Curt Krause prefers a strange face to a familiar one.

It's not that he doesn't appreciate the regular fans who come to all his shows, those family members who've cheered him along as he's walked the unlikely path of a musician, or the artists who've harmonized alongside him in recording sessions. But a thrill comes from playing a room of faces he's never seen—people whose names he doesn't know, and who probably don't know his.

"You want to be taken seriously," he says. "But when you play out of town, even though there might only be 15 people there, that's 15 people who don't know you and are strictly there because they want to hear your music. Or maybe because you have a pretty girl in your band."

That's why the 27-year-old Snohomish songwriter—who spends his days working on his family's farm and nights performing as Edmund Wayne—keeps his show on the road more often than not. He plays big cities, sure. And in Seattle and San Francisco, buzz has been building: a "Song of the Day" nod from KEXP in November, a "Beard of the Day" notice from an L.A. DJ. But it's in small towns filled with folks he doesn't know that Krause is most comfortable, places like Ashland, Ore., Cottage Grove, Ore., and Pullman. Even if such comfort carries risks.

"We played a show and we went out afterward with a bunch of people from the show," he says of a trip to Pendleton, Ore., with his previous band, Buffalo Death Beam. "There were a bunch of cowboys that were trying to pick fights with us. 'You longhair, get out of our fucking town!' "

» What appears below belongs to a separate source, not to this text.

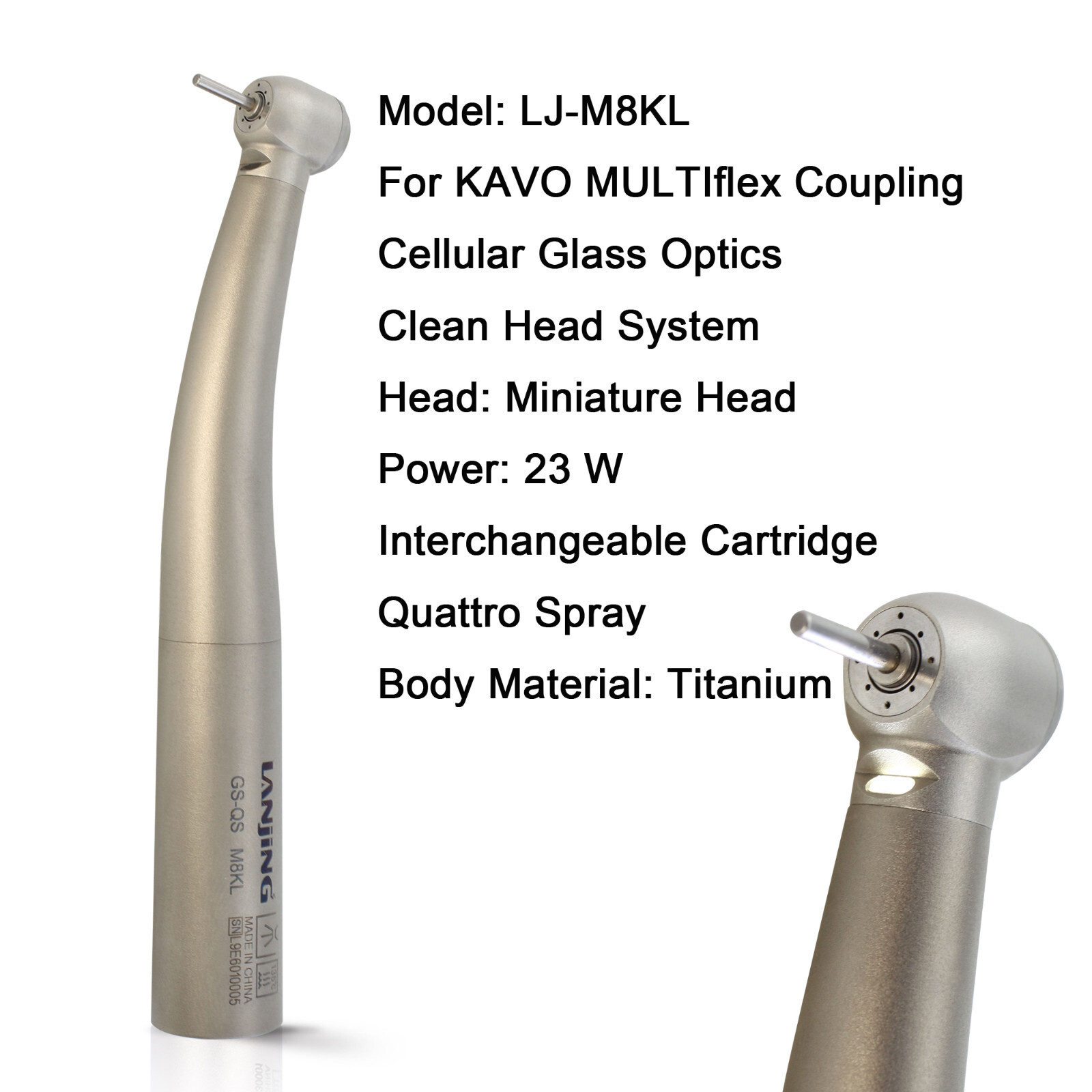 COXO Dental High Speed Fiber Optic Handpiece Turbine KaVo Coupler 4 Hole 6 Pin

But those places leave a mark on Krause's music, too—a sense that it can speak to any regular old folks. He says, though, that Edmund Wayne's music too commonly gets lumped in with indie folk, a label he thinks gets attached to bands who don't yell and have a few slow songs. "Before the Fleet Foxes," he says, "folk was, like, an easy brand on anybody who was an American and who wrote a song about himself or somebody else."

Krause and his band stray from folk, instead producing songs rife with solitary imagery and deep with sentiments of loneliness and moments of humble humanity. He sings about praying in the morning and cussing at night, eating when you're fat and begging God when you're lean.

He takes his ex-bandmates Sean Knox and Tiffany Harms on tour with him, along with drummer Luke Knezevich, to make his recorded material and live performances sing. But the songs on the Edmund Wayne EP are written by Krause, all about the people he's met through the years. Friends he's watched divorce. An uncle. An ex-lover. Another family who, like his, runs a farm nearby.

Most people have no idea he's written a song about them. "Yohanna," for example, is about a man named Sergio who works on his family farm, and whom he recently worked side-by-side with to build trellises in their apple orchard. "I hear him on the phone in his room most days, talking to his mother that he hasn't seen in 16 years," Krause says. "He is a humble and beautiful man. He has no idea that I wrote a song about him."

Krause realizes he doesn't always need people to know that these stories are about them. They don't need to be in the crowd, swaying to his songs, for them to matter. But he also knows he'd have nothing without them.